By showing you how various operations affect performance, the StorNext Metrics reports also helps you optimize the network ecosystem and business procedures for data management policies, file system disk usage.
The StorNext Metrics reports continually works in the background to log performance data. To view logged data, use the StorNext Metrics graphical reports. Reports are available on demand through a Web-based interface. You can check up-to-the-minute system status or view data for any time period since data logging began.
The StorNext Metrics reports let you view and work with a wealth of performance and system statistics, such as Ethernet I/O, Fibre Channel I/O, CPU load, File System (FS), and Memory. Each report includes two or more graphs. Use the report tools to zoom in on a graph to see just the time period you want to see, or zoom out to see data for a longer time period.
No matter what time period you select, all of the graphs in the report stay in sync. In addition, the StorNext Metrics reports maintain the current time period when you select a new report.
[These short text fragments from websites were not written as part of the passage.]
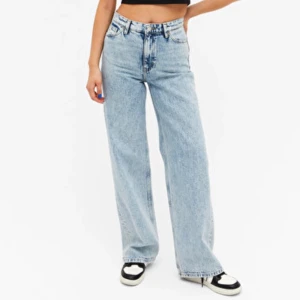 Ljusblå vida jeans - Mycket fina ljusblå jeans från Monki i modellen ”Yoko hög midja vida ljusblåa jeans”!! Säljer pga att jag växt ur dem. Storlek 26, vilket motsvarar strl XS/34 enligt Monkis storleksguide. Kostar ursprungligen 400 kr men säljer för 180 kr🌻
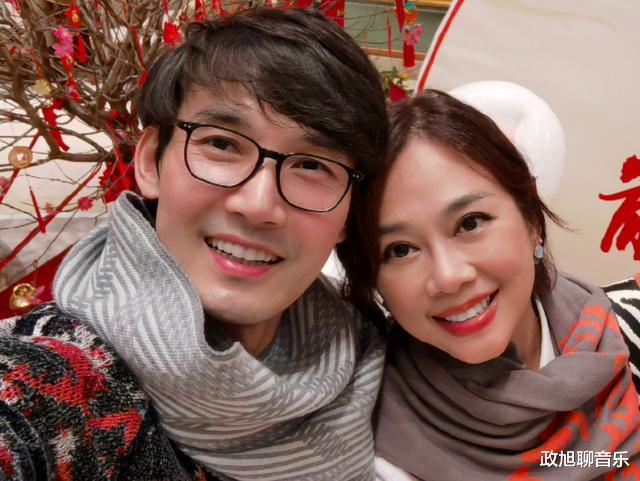 张铎就非常负责任,明明知道陈松伶身体不适合怀孕,他一点都没有埋怨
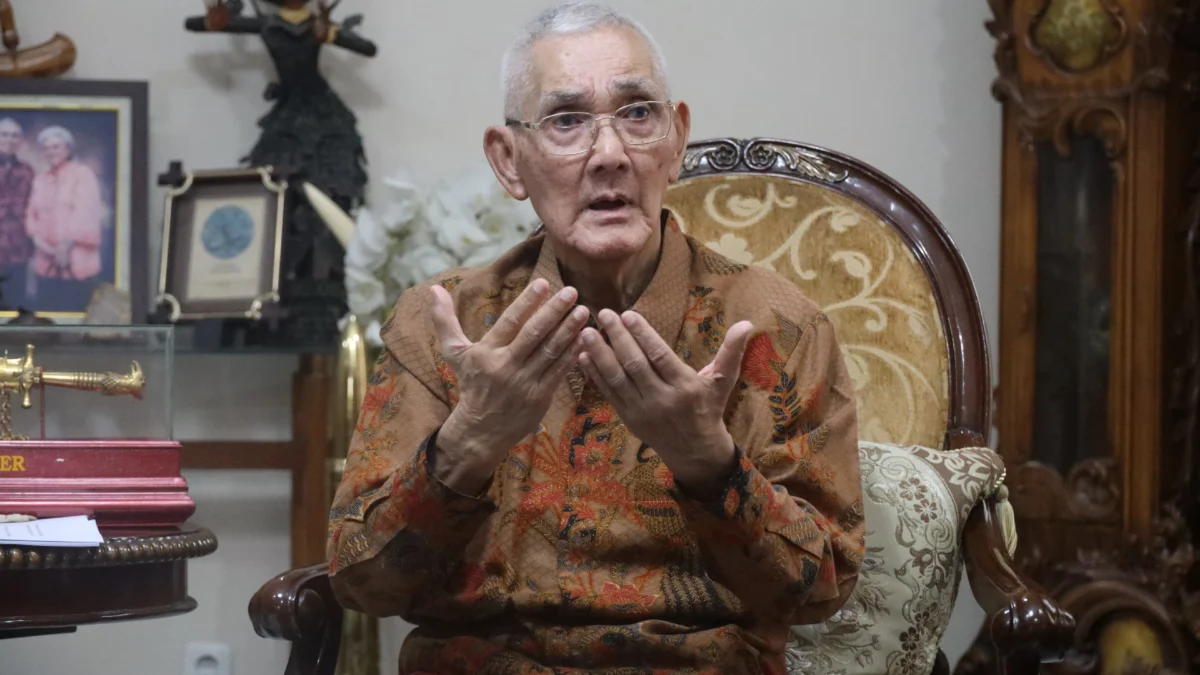 Dalam Wawancara Eksklusif Jelang Hari Lahir Pancasila, Try Sutrisno: Tantangan, Pandangan hingga Eksistensi BPIP Sebagai Pengawal Ideologi Bangsa (Disway.id)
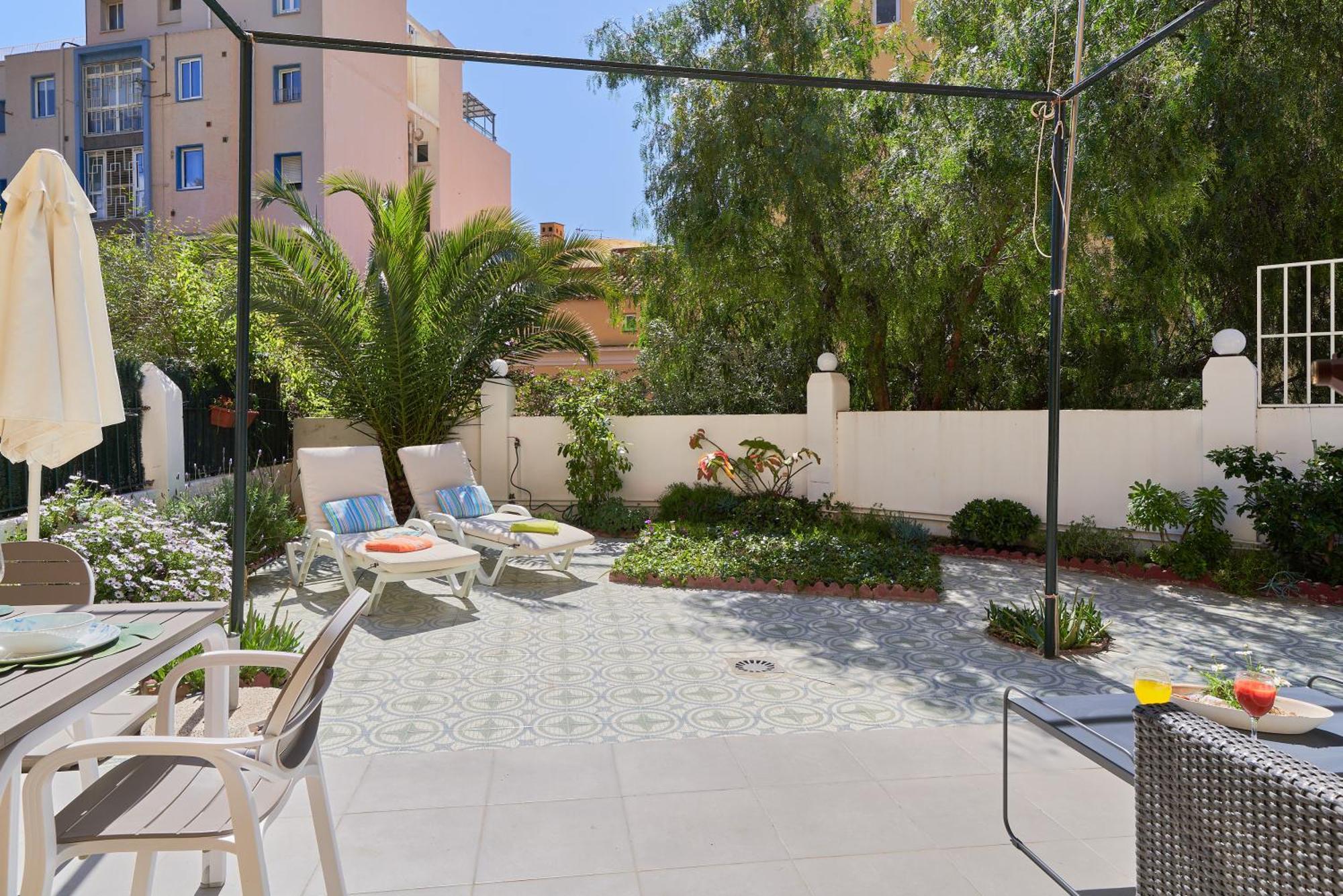 Villa Rosita Suites En Playa De La Malagueta Con Terraza Málaga Buitenkant foto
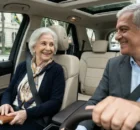 Acompanhante de Idosos Com Carro de Luxo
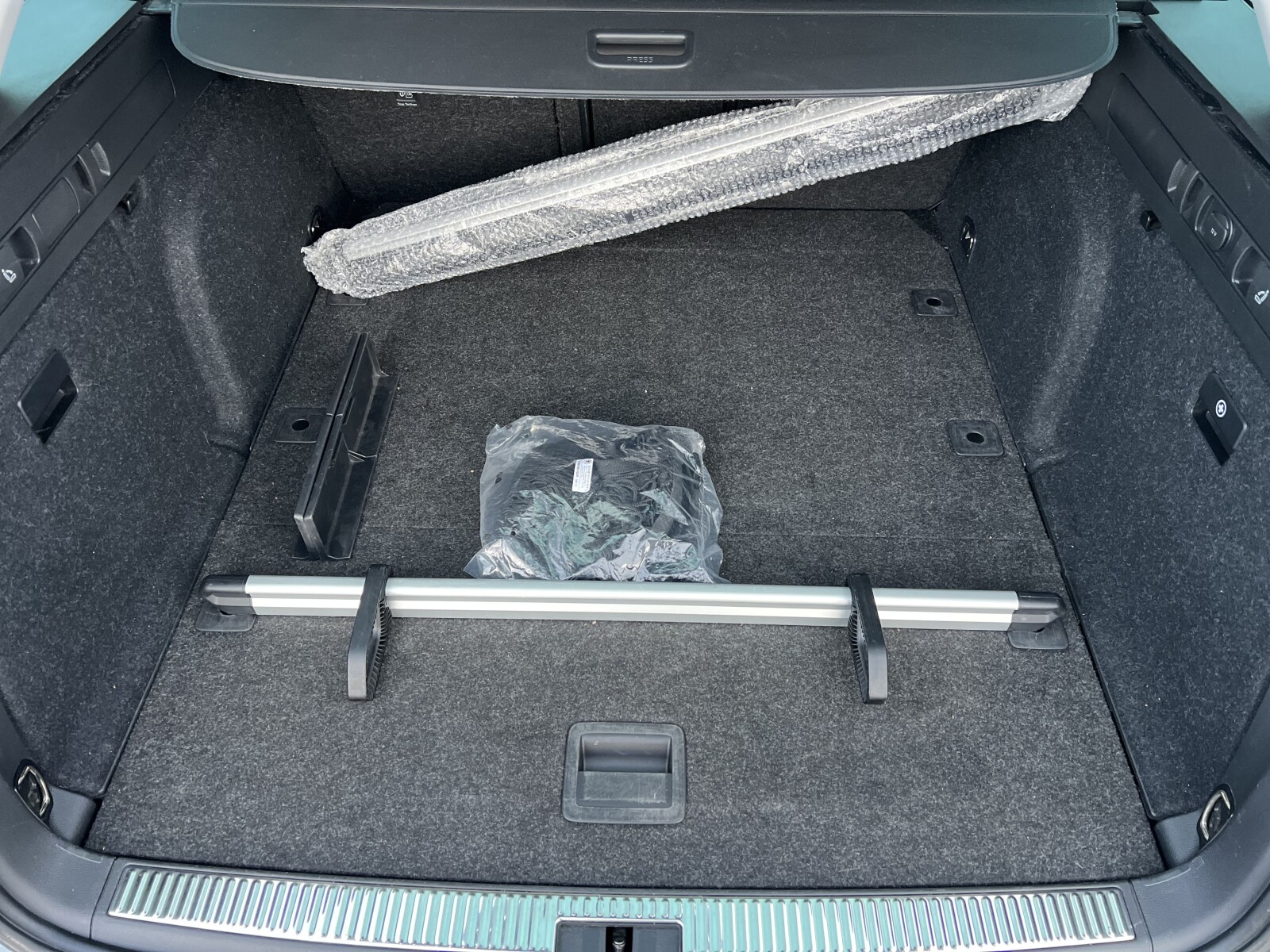 Škoda Superb Combi - zdjęcie 31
This lets you compare performance data between graphs in the same report or between different reports. For example, you can see how CPU load is affected during space reclamation activities.
StorNext Metrics reports maintain a maximum of 30 days of metrics data in the database. The maximum number of days of metrics data you can view is the last 3 days (click the Last 3 Days radio button preset time range). To view metrics data for the last 4 to 30 days, select a specific date using the Select Time Period calendar widget.
StorNext Metrics reports’ historical record lets you compare current performance to past performance. It also lets you see the effect of any recent changes to system and network configuration or business processes.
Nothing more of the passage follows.